Jerry Klein, chancellor of the Sioux Falls diocese, said he could not respond until he had seen the actual lawsuit.

"It's difficult to respond very specifically when we haven seen what's really being claimed," Klein said. "We'll take a look at it as we're able to, and try to respond appropriately."

Sharon Zeller, communications director of the Rapid City diocese, said she also would not comment until church officials have seen the lawsuit.

The lawsuit involving the St. Francis Mission School was filed by 16 former students, while the lawsuit dealing with St. Paul's in Marty was filed by 57 former students.

"All of the Plaintiffs were beaten and tortured, including physical, mental and emotional abuse. Many of the children were sexually assaulted and raped," according to both lawsuits.

Boarding schools for Indian students were created in the late 1800s and early 1900s in an attempt to assimilate young Indians into white society. The schools were closed or transferred to tribal control by the 1970s.

The lawsuits contend that students at the boarding schools were beaten if they spoke their native language or practiced any element of their native culture. Students involved in the lawsuits have said they were beaten or sexually molested while attending the schools.

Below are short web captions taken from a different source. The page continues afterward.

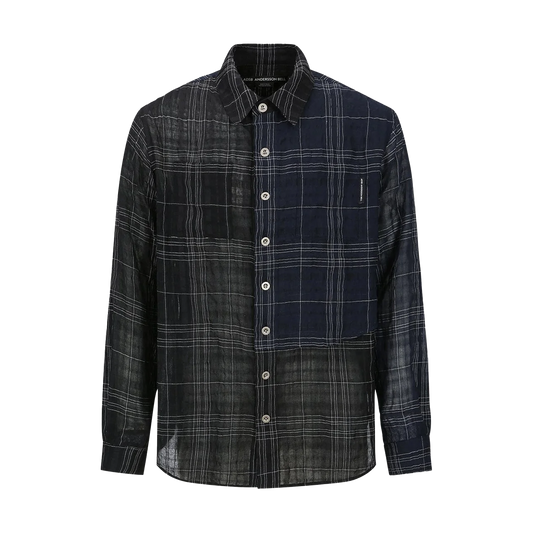 Andersson Bell Check Layered Shirts Black ATB1275M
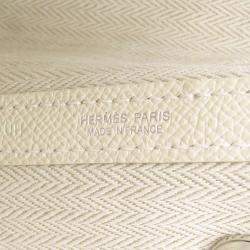 Pre Owned حقيبة يد توتس هيرمس غاردين بارتي پي تي أم جلد إبسوم أبيض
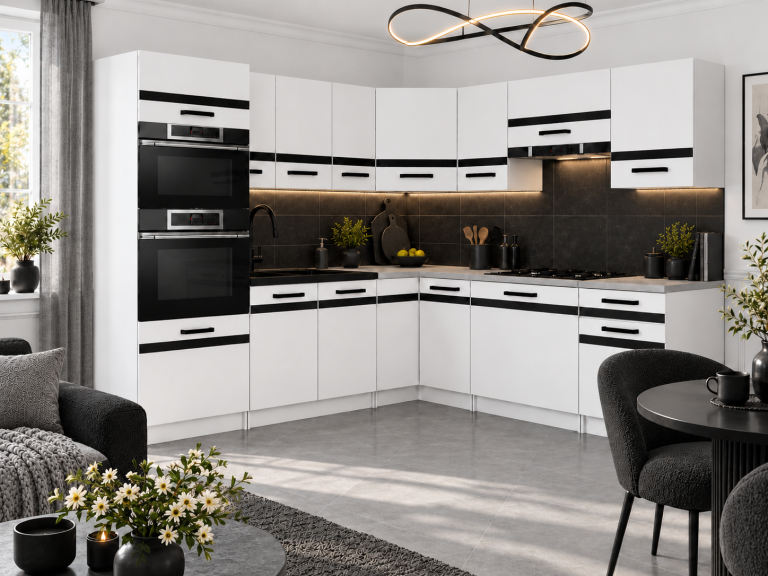 Mobili da cucina Prestige 420 cm bianco opaco con piano di lavoro Produttore TOR P Diego/0/WT/WT/0/A1/CM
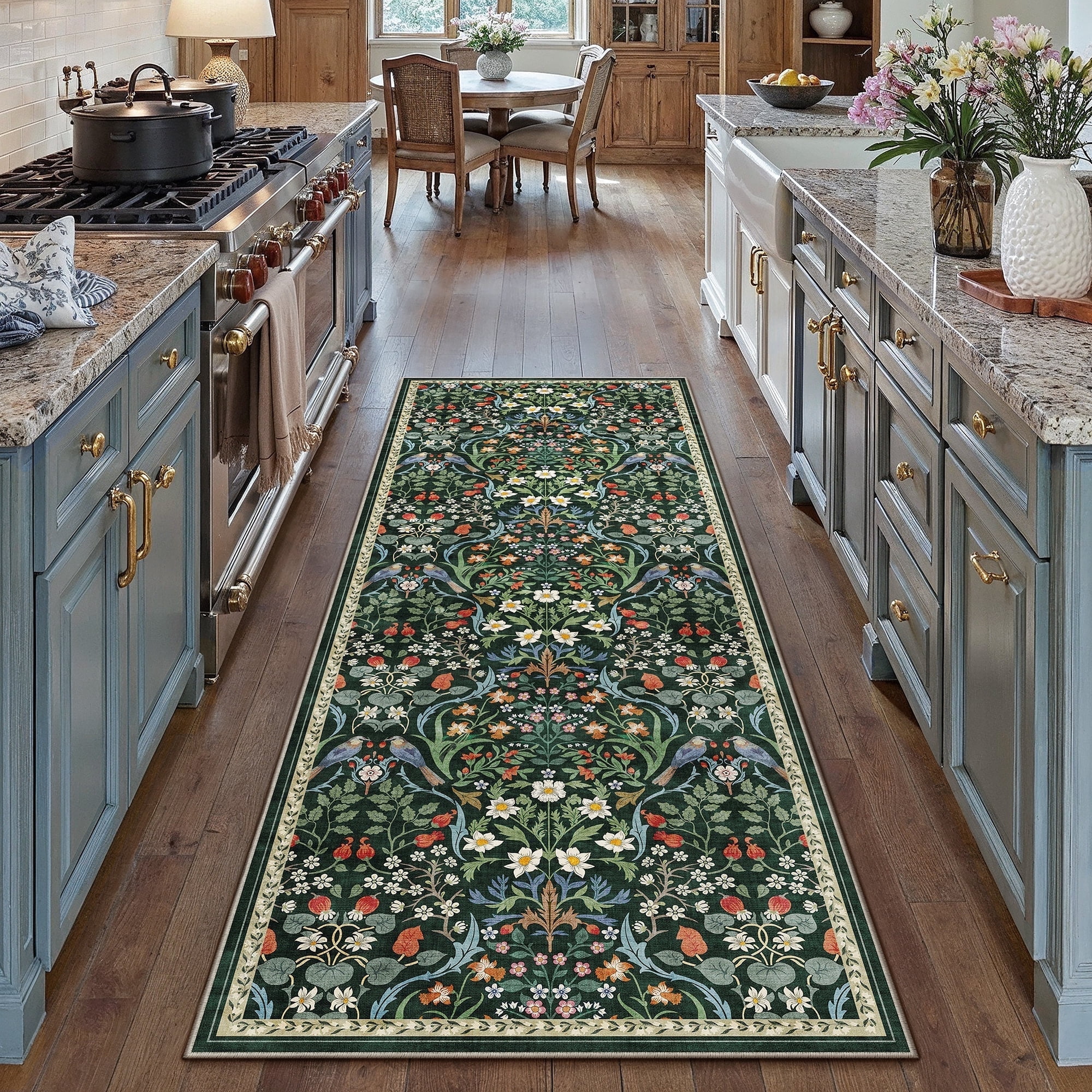 BERTHMEER 2'x6' Runner Rugs for Hallway Bathroom Bedroom Entryway Kitchen Non Slip Washable Green Floral Vintage Oriental Traditional Flower Runner Rugs, Multicolor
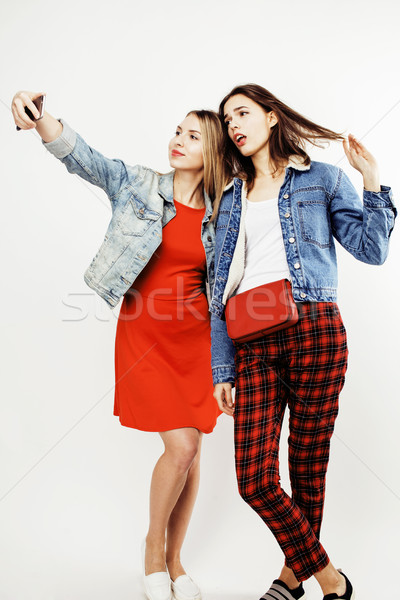 Stock photo: best friends teenage girls together having fun, posing emotional on white background, besties happy 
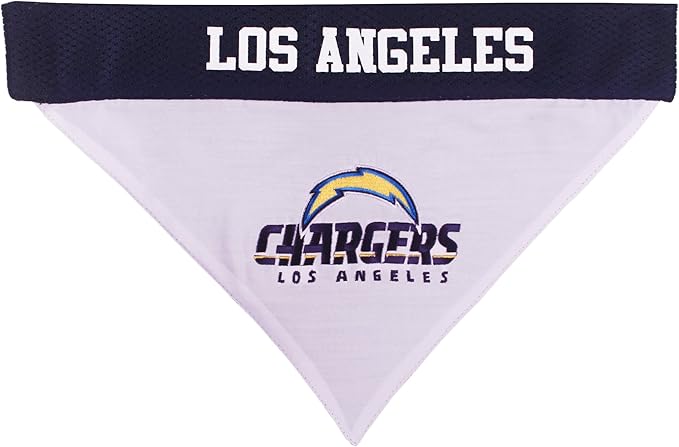 Pets First NFL DOG BANDANA - LOS ANGELES CHARGERS REVERSIBLE PET BANDANA. 2 Sided Sports Bandana with a PREMIUM Embroidery TEAM LOGO, Large/X-Large. - 2 Sizes & 32 NFL Teams available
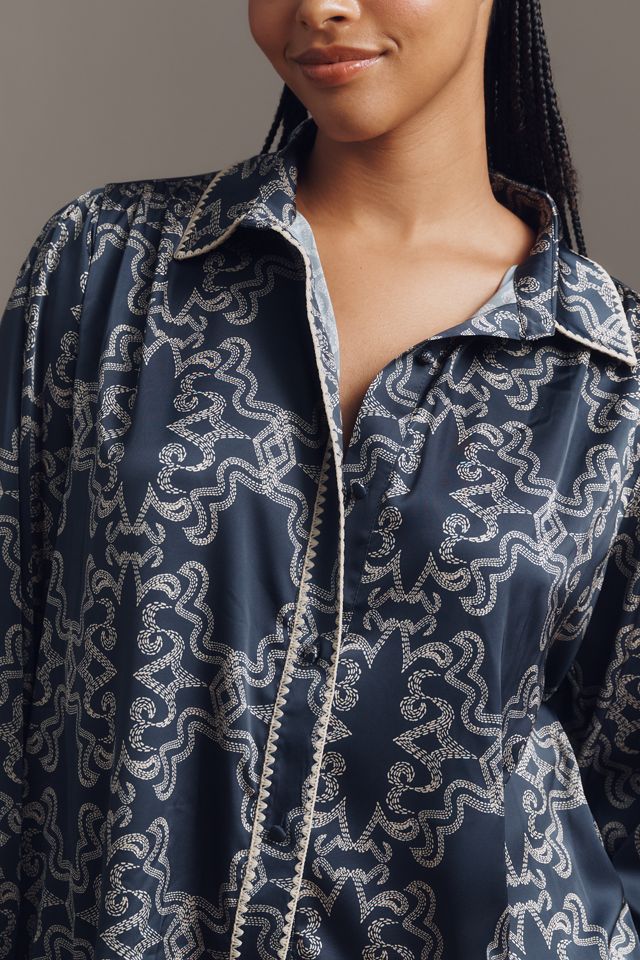 Hutch Kodie Long-Sleeve Silky Buttondown Blouse #7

The lawsuit involving the St. Paul's School in Marty names the Catholic Diocese of Sioux Falls; Blue Cloud Abbey of northeastern South Dakota; Sisters of the Blessed Sacrament, based in Pennsylvania; and Oblate Sisters of the Blessed Sacrament of Marty.

The lawsuit regarding the St. Francis school names the Catholic Diocese of Rapid City; the Wisconsin Province of the Society of Jesus; the Franciscan Sisters of Penance and Christian Charity of Stella Niagra, N.Y.; and School Sisters of St. Francis.

Frischer, the legal consultant, said some Catholic dioceses across the nation have filed for bankruptcy after being sued for alleged abuse. He said even if the South Dakota dioceses declare bankruptcy, the former boarding school students will have a chance to recover damages from the federal government in the lawsuit filed last year in federal court.

The federal lawsuit, which is pending in the U.S. Court of Federal Claims in Washington, D.C., contends the government failed to live up to the terms of the treaties dating to the 1800s that required federal officials to protect the Sioux from "bad men among the whites."

Those involved in the lawsuits have said some of the monetary damages being sought should be used to set up healing centers for former students.